O mês de outubro -considerado crítico pelo baixo nível de chuvas- será decisivo para determinar a necessidade ou não de aumentar as medidas de racionamento de energia não apenas no Sudeste e Nordeste, mas também nas demais regiões do Brasil. Mas a atual situação dos reservatórios e a redução de consumo apontam para um futuro otimista.
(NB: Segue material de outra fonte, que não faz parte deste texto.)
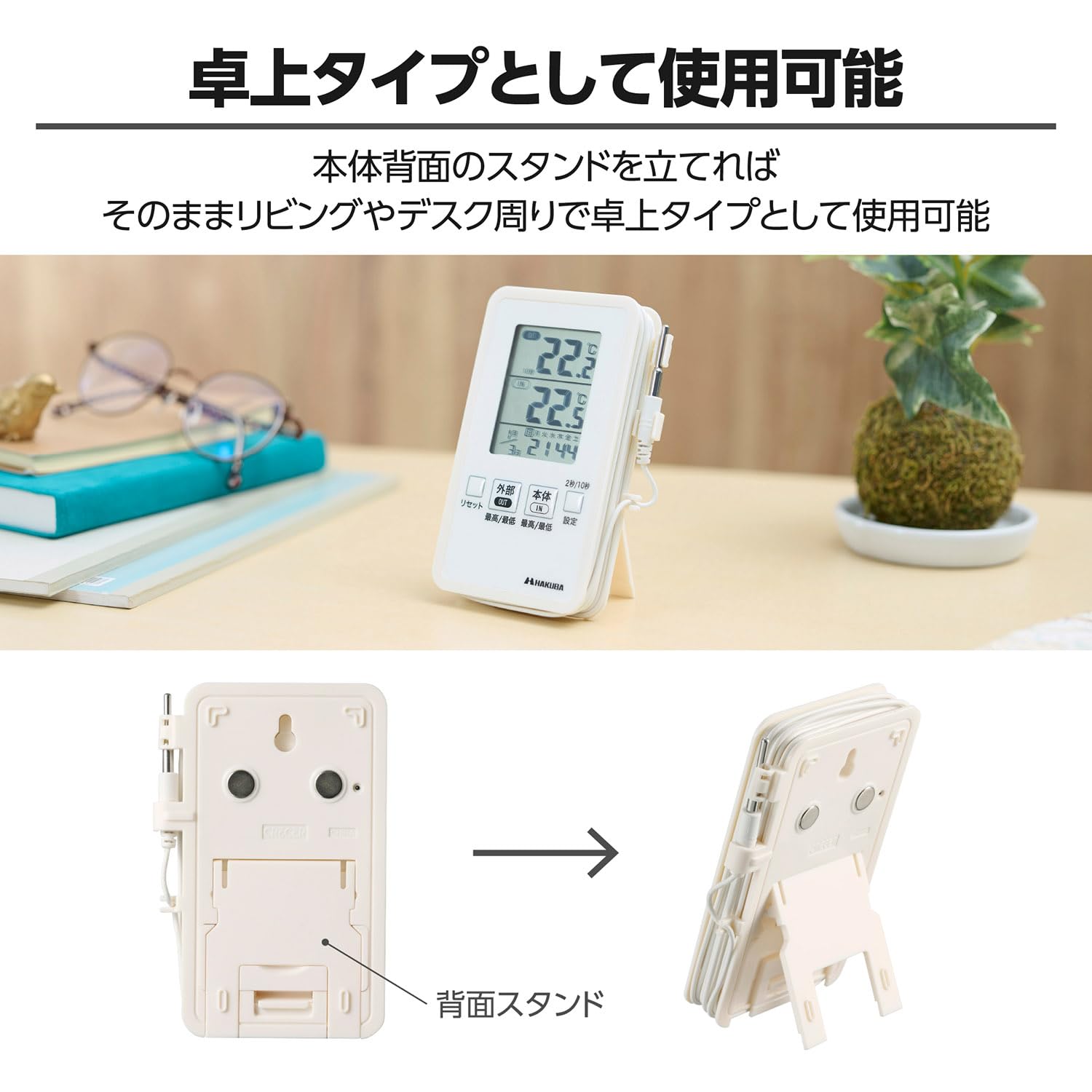 Amazon.co.jp: ハクバ 【Amazon.co.jp限定】HAKUBA 温度計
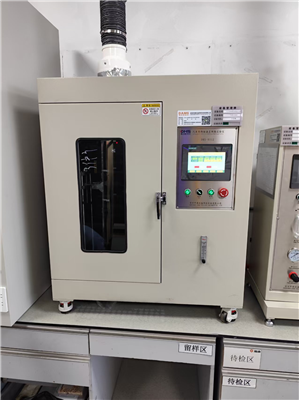 Automotive Interior Vertical Combustion Testing Machine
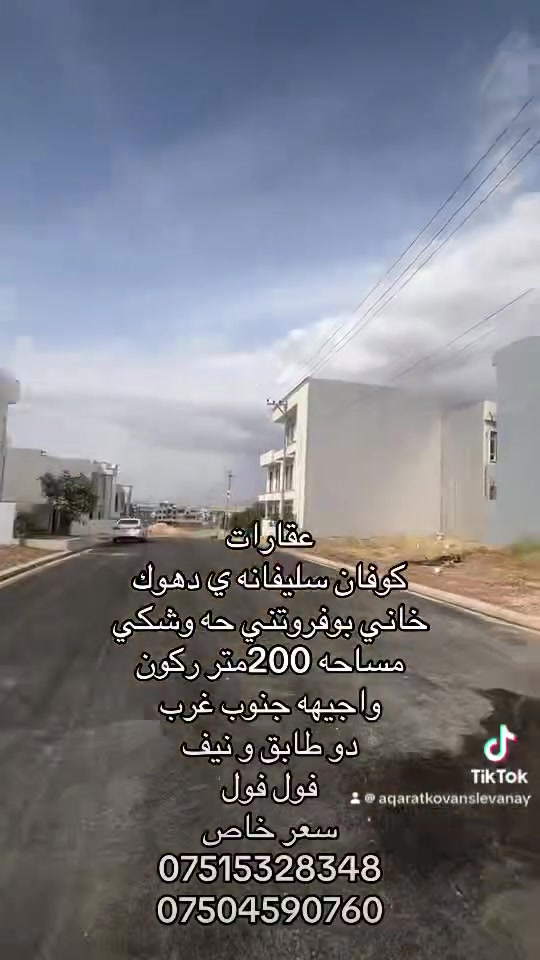 كوفان سليڤانه • دهوك • ٢٠٠م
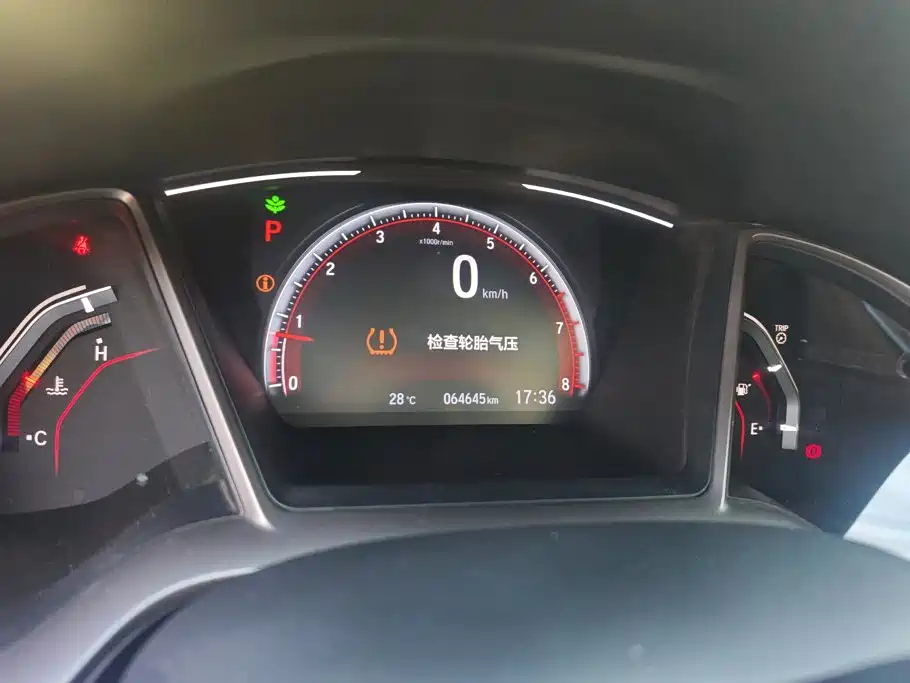 Honda Civic — миниатюра 14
A expectativa, de acordo com o superintendente da Associação Nacional de Energia Elétrica (Aneel), José Eduardo Pinheiros Santos Tanure, é de que não haja necessidade de medidas emergenciais a curto prazo. ''O cenário está um pouco melhor. Houve mais chuvas do que o esperado e uma redução significativa do consumo'', disse. Com isso, o nível dos reservatórios no Sudeste e Nordeste, segundo ele, está aproximadamente 4% acima do esperado. ''Isso dá certa folga em relação ao cenário crítico imaginado.''
Mesmo que as metas de racionamento não sejam atingidas pelas regiões Sudeste e Nordeste, o Ministério de Minas e Energia não deverá tomar novas medidas. Assim como o ''apagão'' está praticamente descartado, a extensão do racionamento para a Região Sul também não está sendo cogitada por enquanto. Ele enfatizou, no entanto, que ações futuras ainda dependem do nível de chuvas em outubro, considerado um mês crítico. Já em novembro e dezembro, quando entra o verão, as chuvas tornam-se mais frequentes e os riscos tornam-se menores.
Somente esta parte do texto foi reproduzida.